I have no clothes wish list. lol

I really like those white tops!


----------



## LipglossQueen (Aug 7, 2006)

I've just been starting to think about this; for me it's skinny jeans, the smart kind of look...got my eye on a few blazers and pinafores, fancy coats with huge buttons or flamboyant collars, jackets with wide sleeves, the military look and lot's of grey. Of course the usual sweaters and parkas as well as some cute boots, oh yeh and a brown leather jacket.


----------



## mabelwan (Aug 7, 2006)

erm...I want jackets and sweaters...I just got one tweed jacket yesterday and I want more...lol...


----------



## babiicouturexo (Aug 7, 2006)

These are a couple things on my must-have list.

-Stilettos (Hot pink, black, red...bright colors)

-Cute ballet flats

-Skinny jeans

-Keds Destroyed Champion, the ones with the stripes.

-Oversized, comfy white sweater (to wear with leggings or skinny jeans)

-Slouchy boots

-Striped, skinny, long scarf

-Minidresses

-Leggings

-Cute zipup hoodies

-Band tshirts

-Vintage dresses

-Cardigans

-Cute earrings...buttons, candies, etc.

-Puffy parka bomber jacket

-Long, beaded necklaces

-Big bangle bracelets

-A small, menswear-inspired vest

That's basically it.


----------



## peekaboo (Aug 30, 2006)

Boots, sweaters, cute tops, a new coat and of course jeans!


----------



## mehrunissa (Aug 31, 2006)

I'm actually considering buying skinny jeans since I have pretty lean and long legs, wear them with pumps/heels/boots, after seeing some great pics on shopping sites. It doesn't look as tacky as you'd think at first, but quite modern and sophisticated if you pair them right. Here are my inspirations for this fall, taken from shopbop.com's Trend page:


----------



## LipglossQueen (Aug 31, 2006)

I like the first two you posted, I've decided this winter I'm buying some flat leather boots!


----------



## monniej (Aug 31, 2006)

well i have found a couple of looks that i'd like to sport for fall and winter...









the suit is vsc and the dress is from boston proper. i guess it's a start!

Originally Posted by *mehrunissa* /img/forum/go_quote.gif I'm actually considering buying skinny jeans since I have pretty lean and long legs, wear them with pumps/heels/boots, after seeing some great pics on shopping sites.

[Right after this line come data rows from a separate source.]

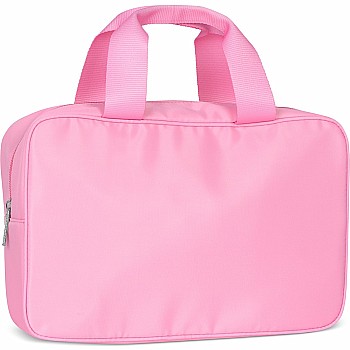 Pink Large Cosmetic Bag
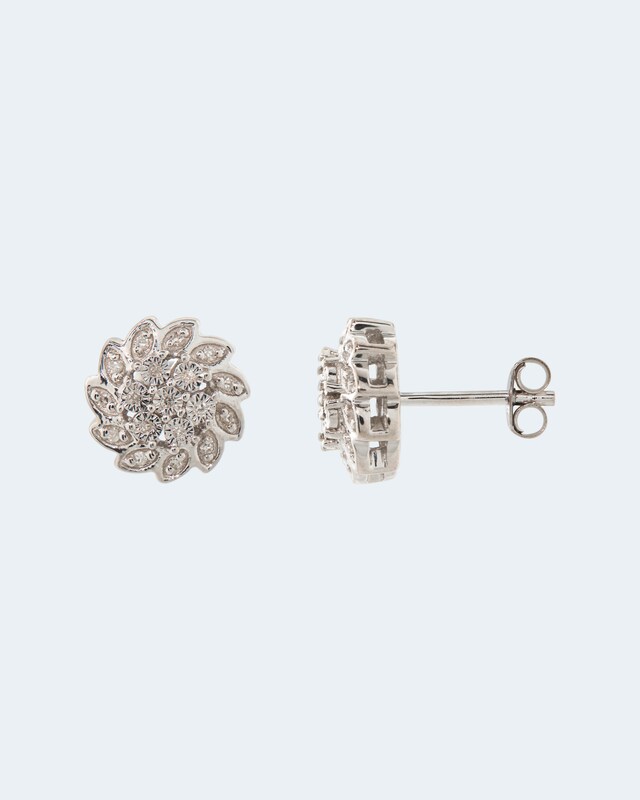 Diamant-Ohrstecker mit 0,12 Karat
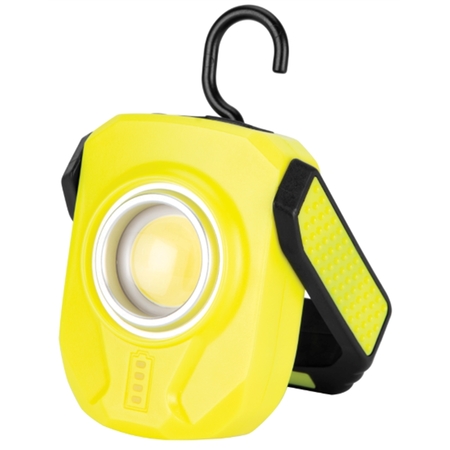 PERFORMANCE TOOL ATAK  1000LM Rechargeable Worklight 431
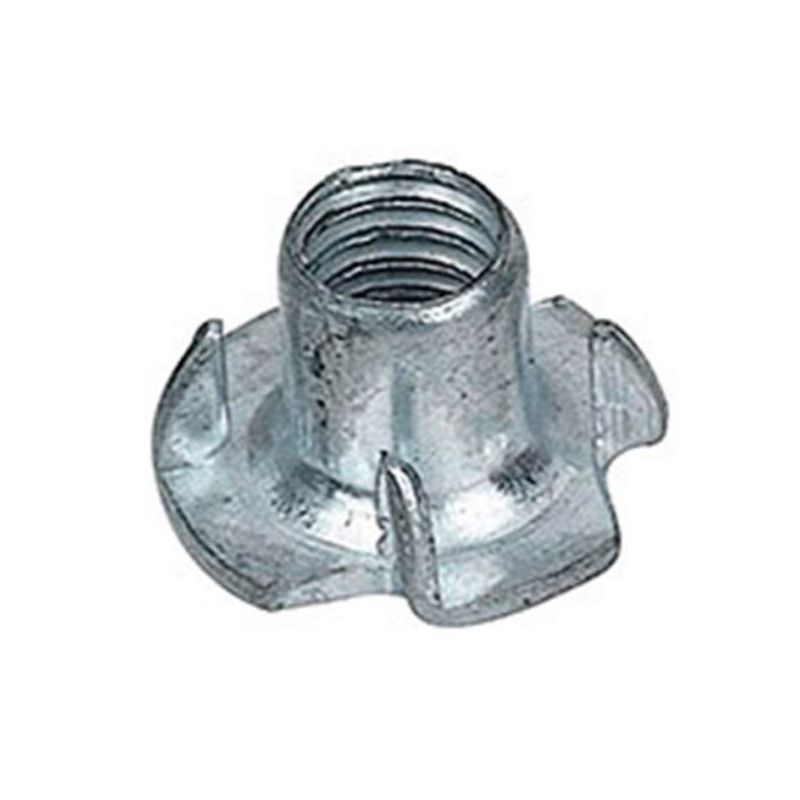 TUERCA PUA MUEB M10 ACERO CINC EMB MICEL 100 PZ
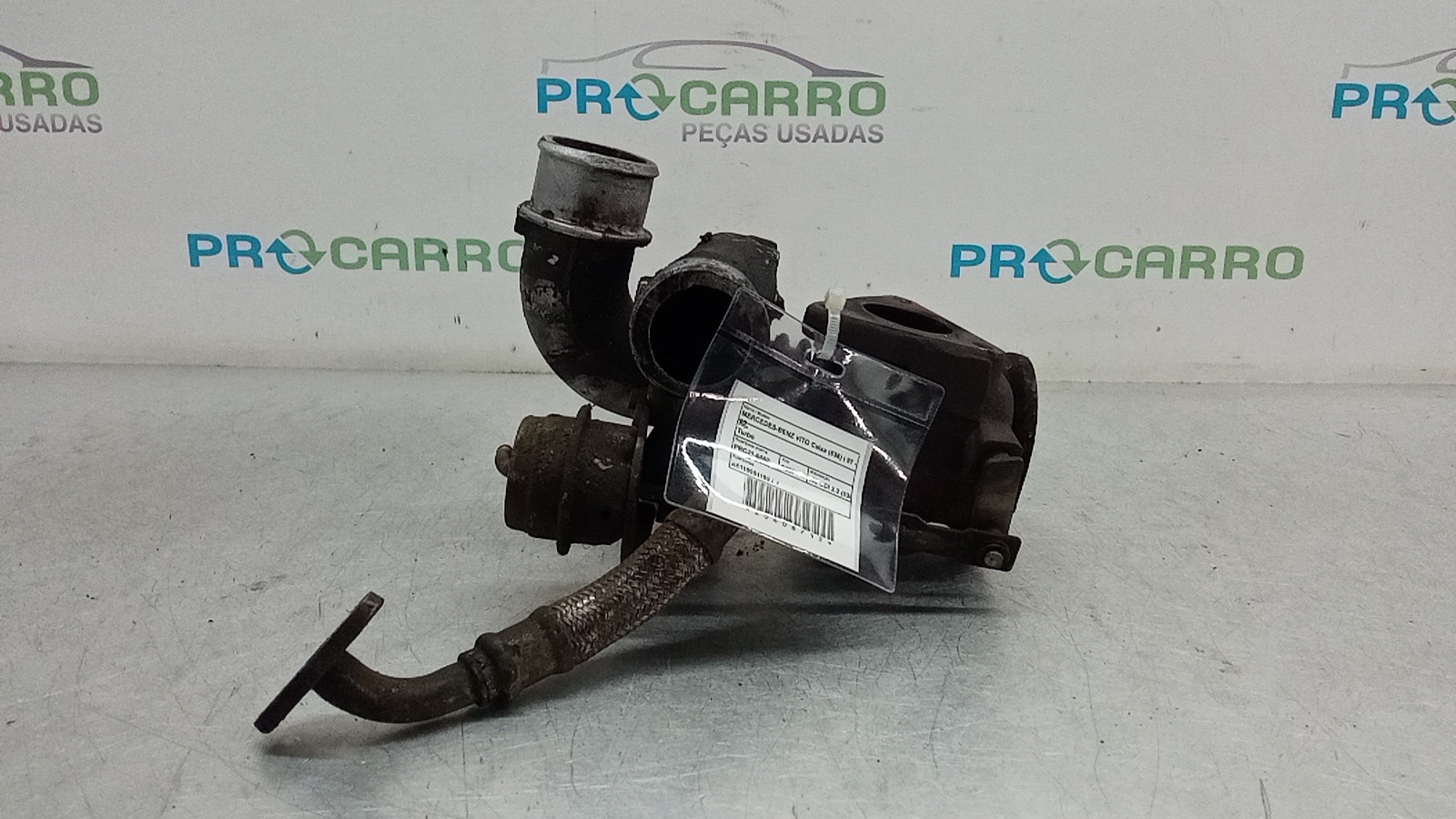 Turbocompresseur MERCEDES-BENZ VITO Caixa (638) | 97 - 03 Imagem-1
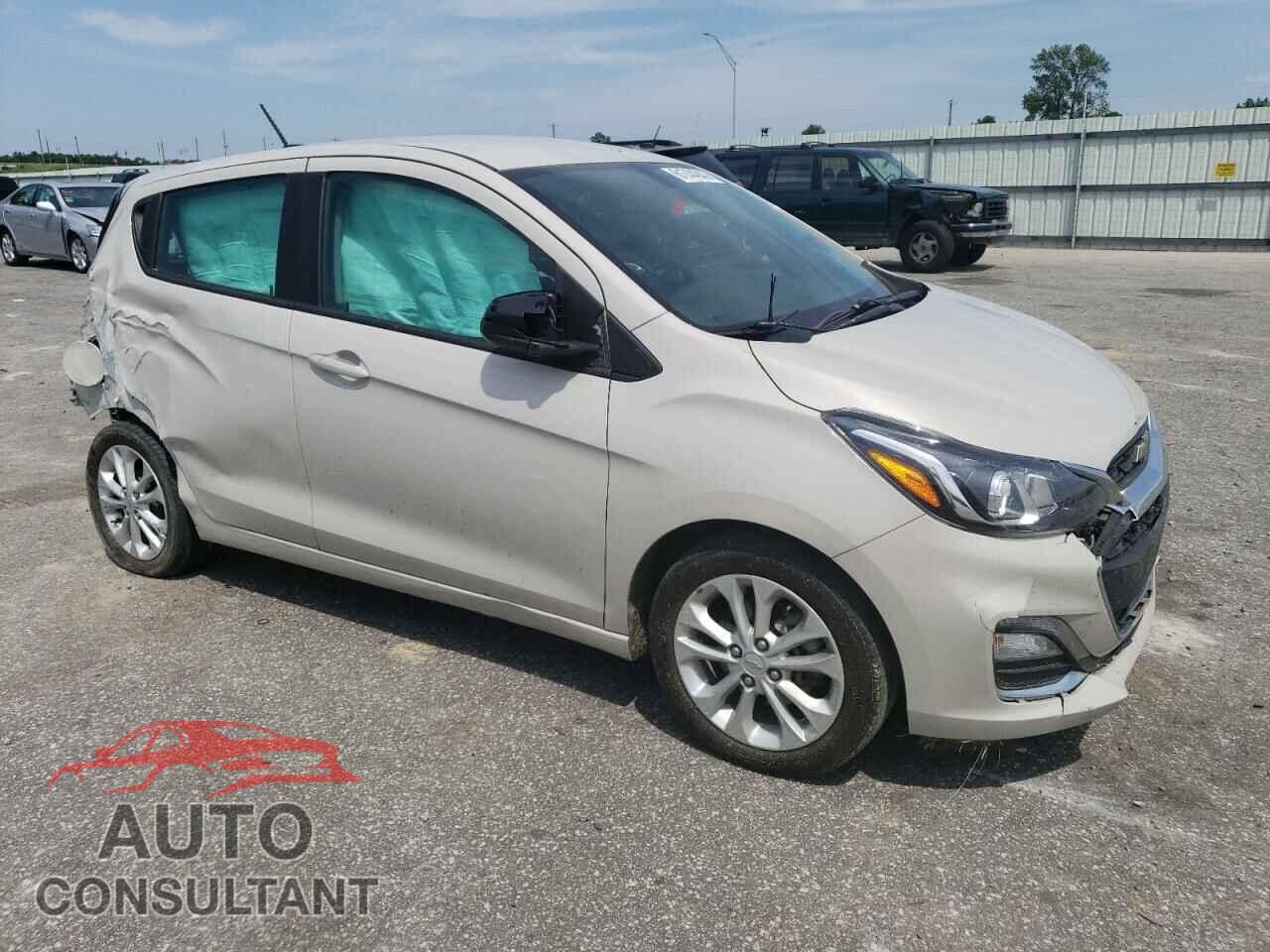 CHEVROLET SPARK 2021 - KL8CD6SA3MC749687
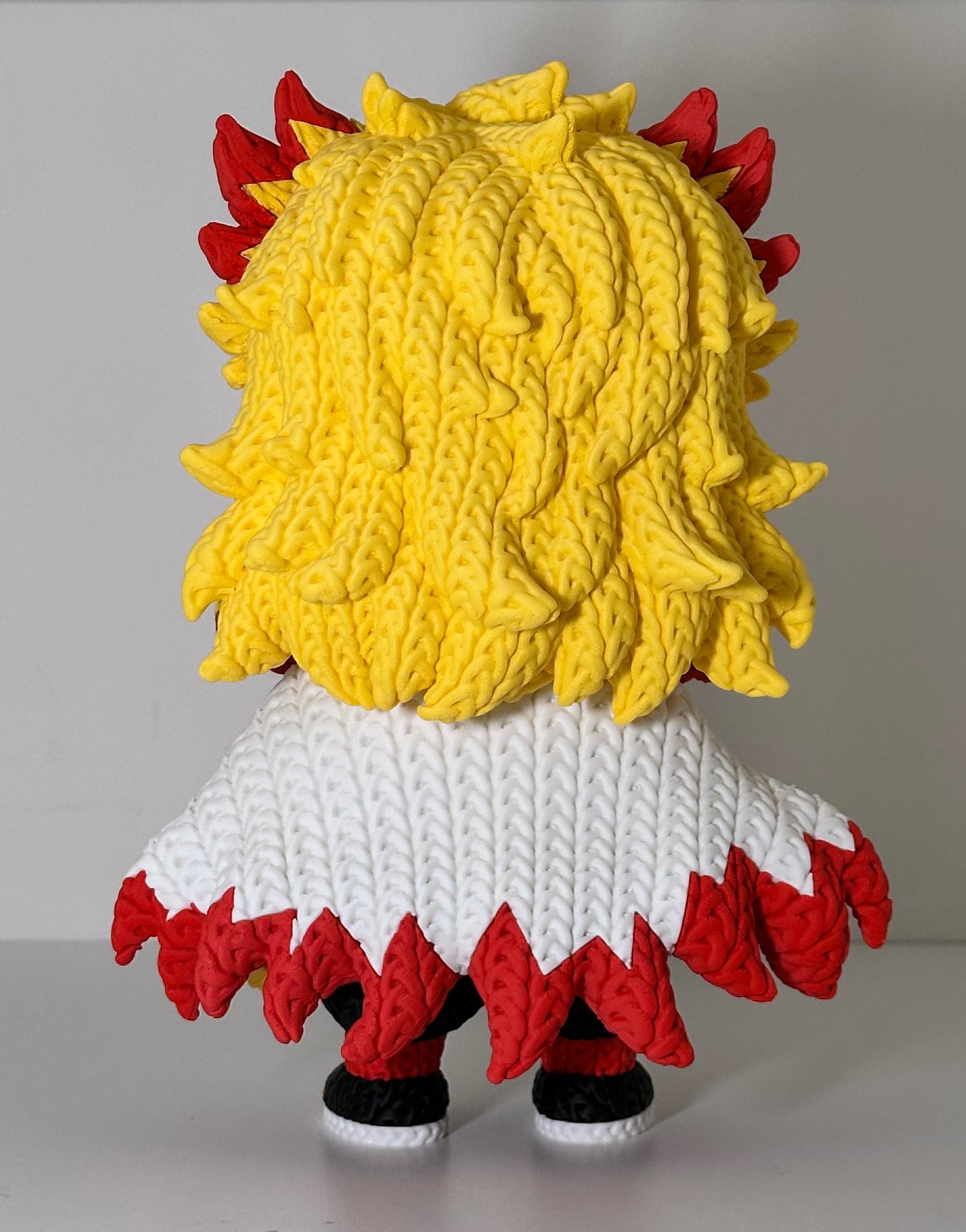 Inosuke, Rengoku, Zenitsu Knitted Figures - Demon Slayer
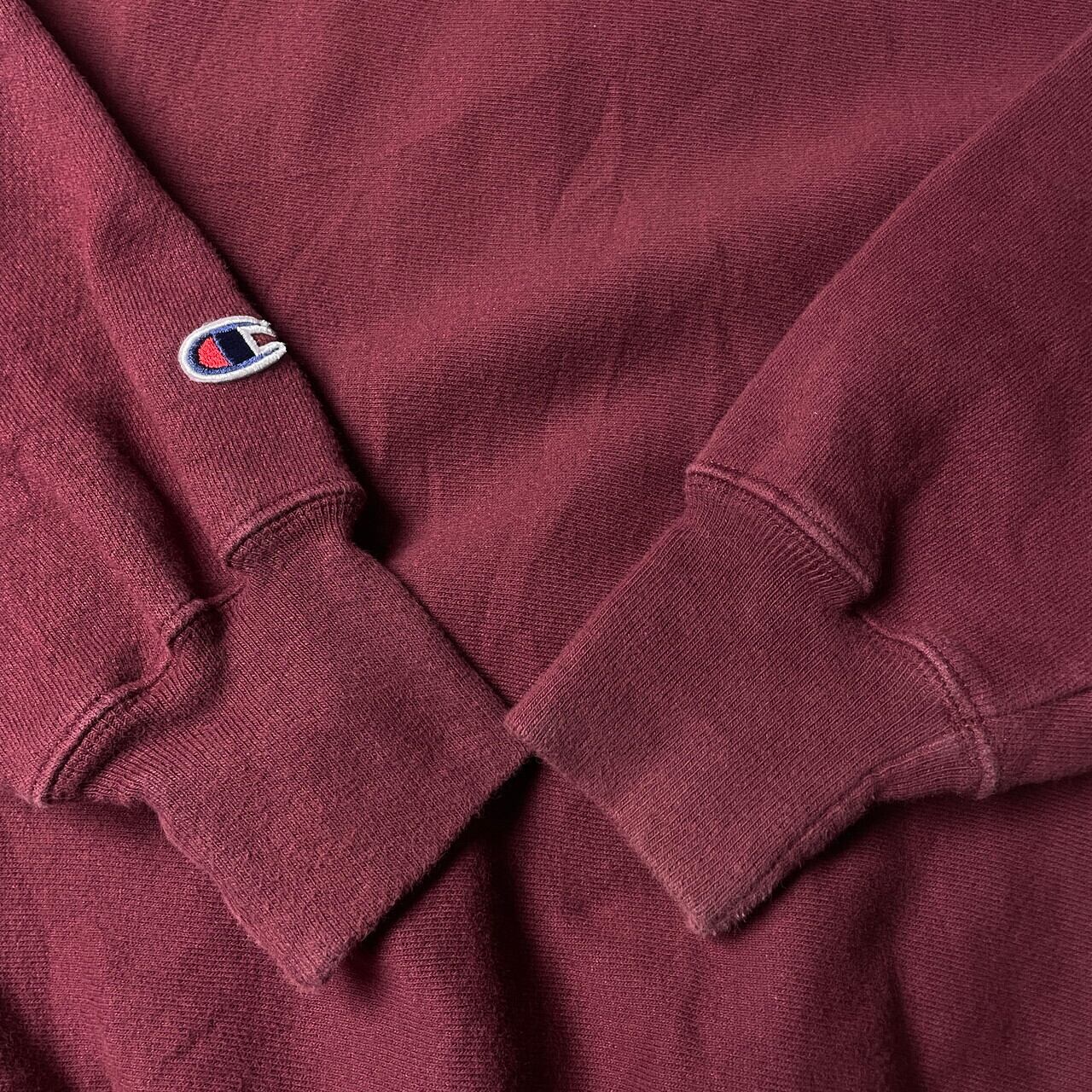 Champion Reverse Weave トレーナー L バーガンディ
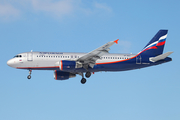 Aeroflot - Russian Airlines Airbus A320-214 (VP-BKX) at  Hamburg - Fuhlsbuettel (Helmut Schmidt), Germany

It doesn't look as tacky as you'd think at first, but quite modern and sophisticated if you pair them right. Here are my inspirations for this fall, taken from shopbop.com's Trend page:

http://img.photobucket.com/albums/v2...ishcharm01.jpg

http://img.photobucket.com/albums/v2...graphics01.jpg

http://img.photobucket.com/albums/v2...ishcharm03.jpg

oh my goodness mehrunissa! i love them all ~ i'll take one of each!


----------



## thanh008 (Sep 2, 2006)

*1. Ripped/Disstressed jeans*

*2. Red or laced flats*

*3. Cute long sleeved shirts*

*4. Sweaters*


----------



## taloha (Sep 2, 2006)

for the fall/winter my must have are mukluk boots. They look so cozy. I'll need a pair to keep my feet warm. Anyone else into mukluks?


----------



## mintesa (Sep 2, 2006)

Originally Posted by *taloha* /img/forum/go_quote.gif for the fall/winter my must have are mukluk boots. They look so cozy. I'll need a pair to keep my feet warm. Anyone else into mukluks? yes i am looking for those too. havent found any nice ones yet, i dont like them to high up, i just like the mid-boots.


----------



## lipjunkie (Sep 7, 2006)

-dark or vintage wash jeans...i keep buying light wash jeans even though i know i look better in darker jeans...i actually found a nearly perfect pair that was dirt cheap, a dark wash with a pleat in the middle...actually didnt make me look like a total midget...then my sis said it looked like i had eyes on my butt (grommets) so i had 2 resist

-flats and wedges

-a beige/red/brown bag

-those really adorable black skirts with leggings attached...perfect for tunic tanks

-a purple shirt...just because i dont own anything purple for some reason

-gold or copper jewelry

-a white/beige hoodie

-pants...i have only one, the rest is all denim

-boots

-hooded kanga pocket sweaters

-those insanely adorable asian charms that go on bags and jewelry and belt loops


----------



## 4getmeNot (Sep 7, 2006)

black stilettos

peacoat

bomber

trouser jeans

fitted sweaters

another pair of flats


----------



## BrazenBrunhilda (Sep 9, 2006)

Anything that fits over my big fat gut.


----------



## quinonespearl (Sep 25, 2006)

ruffled pieces (shirts, jackets, etc.)

leggings

shorts

sweater dresses

sweater coats

short jackets

plaid pieces


----------



## gagirl1985 (Sep 25, 2006)

definitely need boots and jackets


----------



## Amethyst (Sep 25, 2006)

Cashmere! I love cashmere and I usually wait for my favorite stores to put it on sale.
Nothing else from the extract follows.